* **TO DO**: A faithful copy is needed. Set down all of the data below exactly.

* **DATA LISTING**:
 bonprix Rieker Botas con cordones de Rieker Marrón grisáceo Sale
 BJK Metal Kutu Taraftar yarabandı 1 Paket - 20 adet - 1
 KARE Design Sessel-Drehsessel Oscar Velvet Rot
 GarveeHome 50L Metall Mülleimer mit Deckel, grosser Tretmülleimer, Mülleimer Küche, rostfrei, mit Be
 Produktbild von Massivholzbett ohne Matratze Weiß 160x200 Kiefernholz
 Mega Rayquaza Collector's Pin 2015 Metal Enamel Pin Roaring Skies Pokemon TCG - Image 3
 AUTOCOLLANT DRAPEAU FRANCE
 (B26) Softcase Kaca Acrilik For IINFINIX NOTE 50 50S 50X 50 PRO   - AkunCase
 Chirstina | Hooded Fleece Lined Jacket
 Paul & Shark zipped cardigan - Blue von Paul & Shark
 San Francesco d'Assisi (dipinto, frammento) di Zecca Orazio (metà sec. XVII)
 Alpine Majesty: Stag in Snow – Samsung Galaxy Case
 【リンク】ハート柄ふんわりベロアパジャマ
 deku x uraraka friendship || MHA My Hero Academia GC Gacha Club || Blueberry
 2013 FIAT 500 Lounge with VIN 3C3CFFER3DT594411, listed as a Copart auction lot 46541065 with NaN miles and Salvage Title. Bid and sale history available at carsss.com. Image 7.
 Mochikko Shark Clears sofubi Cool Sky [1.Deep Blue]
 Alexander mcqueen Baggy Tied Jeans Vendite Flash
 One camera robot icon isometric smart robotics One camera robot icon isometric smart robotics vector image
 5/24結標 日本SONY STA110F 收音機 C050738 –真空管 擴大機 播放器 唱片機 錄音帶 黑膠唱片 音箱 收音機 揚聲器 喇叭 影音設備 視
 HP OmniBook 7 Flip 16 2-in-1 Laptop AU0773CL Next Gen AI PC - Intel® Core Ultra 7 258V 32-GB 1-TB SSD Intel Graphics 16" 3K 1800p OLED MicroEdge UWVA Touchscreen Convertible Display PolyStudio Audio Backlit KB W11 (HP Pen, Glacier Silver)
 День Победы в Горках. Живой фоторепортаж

* **EXPECTED OUTPUT**:
 bonprix Rieker Botas con cordones de Rieker Marrón grisáceo Sale
 BJK Metal Kutu Taraftar yarabandı 1 Paket - 20 adet - 1
 KARE Design Sessel-Drehsessel Oscar Velvet Rot
 GarveeHome 50L Metall Mülleimer mit Deckel, grosser Tretmülleimer, Mülleimer Küche, rostfrei, mit Be
 Produktbild von Massivholzbett ohne Matratze Weiß 160x200 Kiefernholz
 Mega Rayquaza Collector's Pin 2015 Metal Enamel Pin Roaring Skies Pokemon TCG - Image 3
 AUTOCOLLANT DRAPEAU FRANCE
 (B26) Softcase Kaca Acrilik For IINFINIX NOTE 50 50S 50X 50 PRO   - AkunCase
 Chirstina | Hooded Fleece Lined Jacket
 Paul & Shark zipped cardigan - Blue von Paul & Shark
 San Francesco d'Assisi (dipinto, frammento) di Zecca Orazio (metà sec. XVII)
 Alpine Majesty: Stag in Snow – Samsung Galaxy Case
 【リンク】ハート柄ふんわりベロアパジャマ
 deku x uraraka friendship || MHA My Hero Academia GC Gacha Club || Blueberry
 2013 FIAT 500 Lounge with VIN 3C3CFFER3DT594411, listed as a Copart auction lot 46541065 with NaN miles and Salvage Title. Bid and sale history available at carsss.com. Image 7.
 Mochikko Shark Clears sofubi Cool Sky [1.Deep Blue]
 Alexander mcqueen Baggy Tied Jeans Vendite Flash
 One camera robot icon isometric smart robotics One camera robot icon isometric smart robotics vector image
 5/24結標 日本SONY STA110F 收音機 C050738 –真空管 擴大機 播放器 唱片機 錄音帶 黑膠唱片 音箱 收音機 揚聲器 喇叭 影音設備 視
 HP OmniBook 7 Flip 16 2-in-1 Laptop AU0773CL Next Gen AI PC - Intel® Core Ultra 7 258V 32-GB 1-TB SSD Intel Graphics 16" 3K 1800p OLED MicroEdge UWVA Touchscreen Convertible Display PolyStudio Audio Backlit KB W11 (HP Pen, Glacier Silver)
 День Победы в Горках. Живой фоторепортаж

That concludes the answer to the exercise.